_WORK ORDER_:
Without the images, repeat every line of the listing verbatim.

_DATASET CONTENT_:
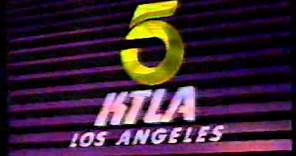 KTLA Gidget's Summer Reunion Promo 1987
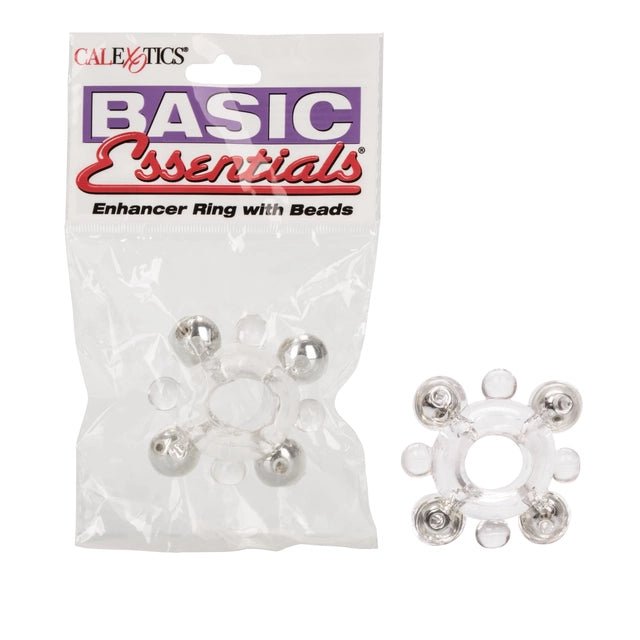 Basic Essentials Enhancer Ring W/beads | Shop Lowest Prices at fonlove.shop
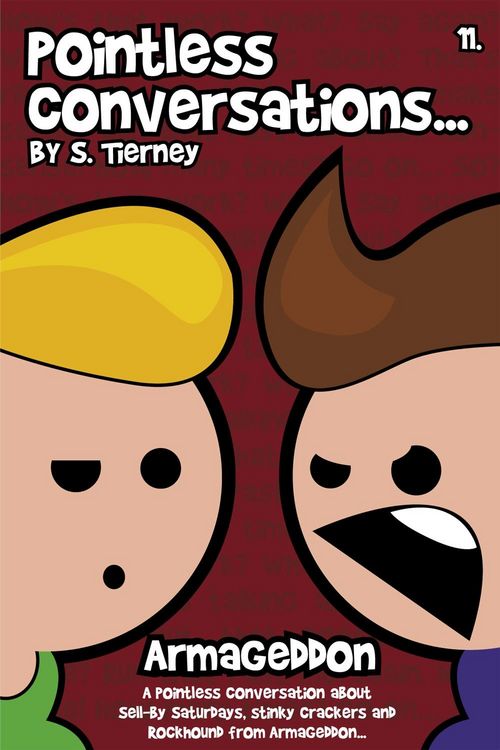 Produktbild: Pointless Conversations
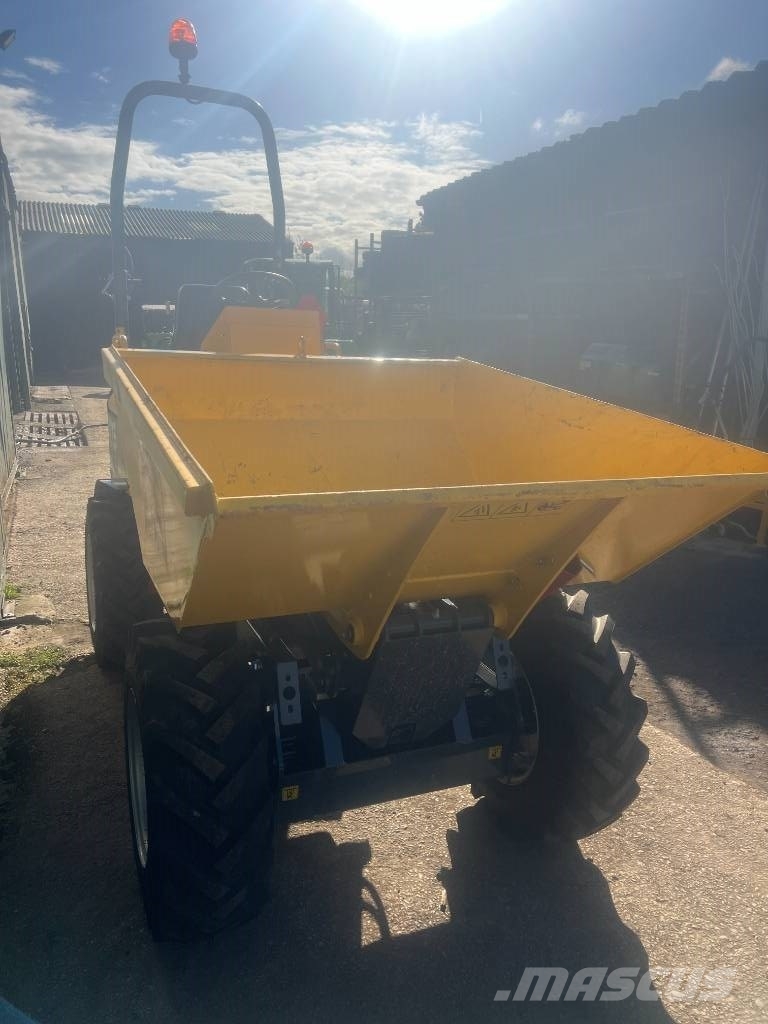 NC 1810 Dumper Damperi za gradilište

_RESULT OF THIS TASK_:
 KTLA Gidget's Summer Reunion Promo 1987
 Basic Essentials Enhancer Ring W/beads | Shop Lowest Prices at fonlove.shop
 Produktbild: Pointless Conversations
 NC 1810 Dumper Damperi za gradilište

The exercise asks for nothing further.